The End of 9 to 5? How Work Schedules are Changing


Wake up, arrive at the office for 9am, stay until 5pm, go home, have dinner, and then go straight to bed. Maybe you spend some time with your family or watch TV in between. Now, do this four more times with only two days of rest – and repeat this cycle for the rest of your life.

Is the traditional 9-to-5 workday obsolete? Many would say so. There seems to be a general consensus among employees and employers that a shift needs to be made in how the traditional workday is structured. The present-day model doesn’t really promote a healthy work-life balance or stimulate productivity. Too much of a routine can be dangerous. Longer, more rigid hours don’t always equal higher work rates. Employees may be coming in for 40-hour weeks, but if they aren’t using that time wisely due to exhaustion, then businesses are actually losing out in the long run.

The History of the 9-to-5 Workday 

The 9-to-5 workday is a product of socialism during the 19th century. It wasn’t until 1890 that the US government started to track workers’ hours. Up until that point, employees could work up to 100 hours a week and there were no laws protecting children. In 1926, Ford Motors was one of the first companies to adapt the 9-to-5 model and helped to make it more mainstream. In 1938, the US congress passed the Fair Labor Standards Act, which made the workweek 44 hours. In 1940, it was readjusted to the five-day, 40-hour workweek we have today.

The Mindset of Millennials and Entrepreneurs

A 9-to-5 simply isn’t for everyone. If you tend to feel trapped easily, especially sitting in a cubicle, despise regiment, hate mundane tasks, and have a problem with authority, then maybe a job in a more creative setting, or of an entrepreneurial nature, would suit you better. At the top of the list, millennials seem to feel the most dissatisfied with the traditional workday structure, placing a higher level of importance on factors like flexibility, impactful/purposeful labour, and economic security. They’re also more willing to seek employment on their own terms and work freelance.

Structured Benefits

The 9-to-5 model does, however, have some major benefits. While some may describe it as soul-crushing, others may refer to it as safe or predictable. Stability and financial security are two of the main reasons why so many people choose to stay at their office jobs for 20-plus years. A 9-to-5 job gives people a set schedule which they can plan around, versus someone who works shifts, like healthcare providers, and don’t always know what their upcoming schedule will look like.

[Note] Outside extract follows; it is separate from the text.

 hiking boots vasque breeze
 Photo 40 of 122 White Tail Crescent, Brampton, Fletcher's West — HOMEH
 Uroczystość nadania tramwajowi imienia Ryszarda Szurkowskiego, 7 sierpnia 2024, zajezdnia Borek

The Possibility of a 4-Day Workweek

Recently, an alternative suggestion has been the “compressed” or 4-day workweek. Employees would work four 10-hour shifts instead, with Friday a third day of the weekend. Experts have argued for and against it; some say that it motivates employees to work harder with an incentive, doesn’t disturb workflow, involves less commuting (which reduces costs for things like gas or public transit), allows employees to avoid peak rush hours, reduces burnout, and promotes outside activities, while others argue that the new working pattern is actually more draining and stressful due to the longer hours during those four workday. And working parents might see the cost of their daycare services affected.

Our lives are much more than just our jobs. Most people are prioritizing relationships, life experiences, and happiness over accomplishments and materialism; “work to live, don’t live to work” is a common mantra. The 9-to-5 model may have worked in decades past, but times are changing. Our world is constantly evolving, and so is society. Thanks to recent advances in technology, any business can run from a home or out of a remote location. The traditional ways that most workplaces have run are quickly becoming a thing of the past, as the work week becomes more and more fluid.

However, at the end of the day, no work schedule will matter if you have purpose in your life. Regardless of the time of day or week, the hours will fly by if you’re satisfied with what you’re doing.